Per un acquirente di cosmetici o profumi, il report di gascromatografia–spettrometria di massa è la cosa più vicina a un'impronta digitale di un olio essenziale. È anche uno dei documenti più intimidatori del dossier — una tabella fitta di tempi di ritenzione, percentuali e nomi di composti. Questa guida spiega come leggerlo con criterio, così che il report diventi uno strumento d'acquisto anziché un allegato mai aperto.
Cosa rappresenta il report
La gascromatografia separa una miscela complessa nei suoi singoli composti volatili mentre attraversano a velocità diverse una colonna riscaldata. La spettrometria di massa bombarda poi ogni composto separato e lo identifica dallo schema di frammenti che produce. Il risultato è un elenco: ciascun costituente, il suo tempo di ritenzione e una percentuale d'area che approssima quanto dell'olio esso rappresenta. Per un olio essenziale naturale, questo profilo è la firma chimica della specie e delle sue condizioni di coltivazione.
Parti dall'identità, non dai numeri
Prima di leggere anche una sola percentuale, verifica l'intestazione. Il report dovrebbe indicare il nome botanico latino, il numero di lotto, la colonna cromatografica e la data di analisi. Senza questo contesto una tabella di percentuali è priva di significato, perché lo stesso composto può eluire a tempi di ritenzione diversi su colonne diverse.
I costituenti principali
Leggi prima i componenti principali.
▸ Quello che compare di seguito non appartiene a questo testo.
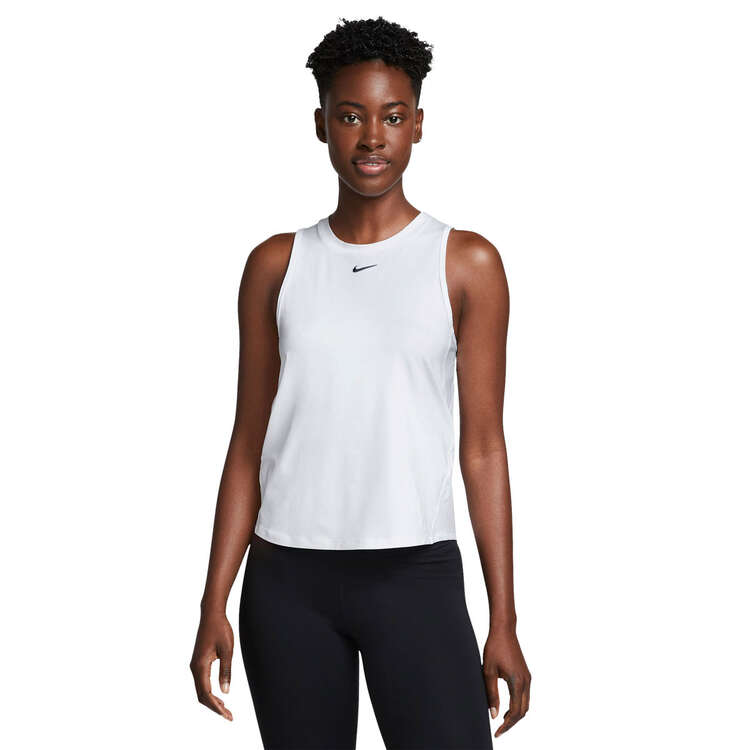 Nike One Womens Classic Dri-FIT Fitness Tank - White/Black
La maggior parte degli oli essenziali è dominata da una manciata di composti, che definiscono sia le prestazioni sia il profilo normativo. Nella lavanda ti aspetti linalolo e acetato di linalile; nel tea tree, terpinen-4-olo; nella menta piperita, mentolo e mentone. Conferma che i marcatori principali rientrino nella finestra attesa per la specie e il chemotipo dichiarati.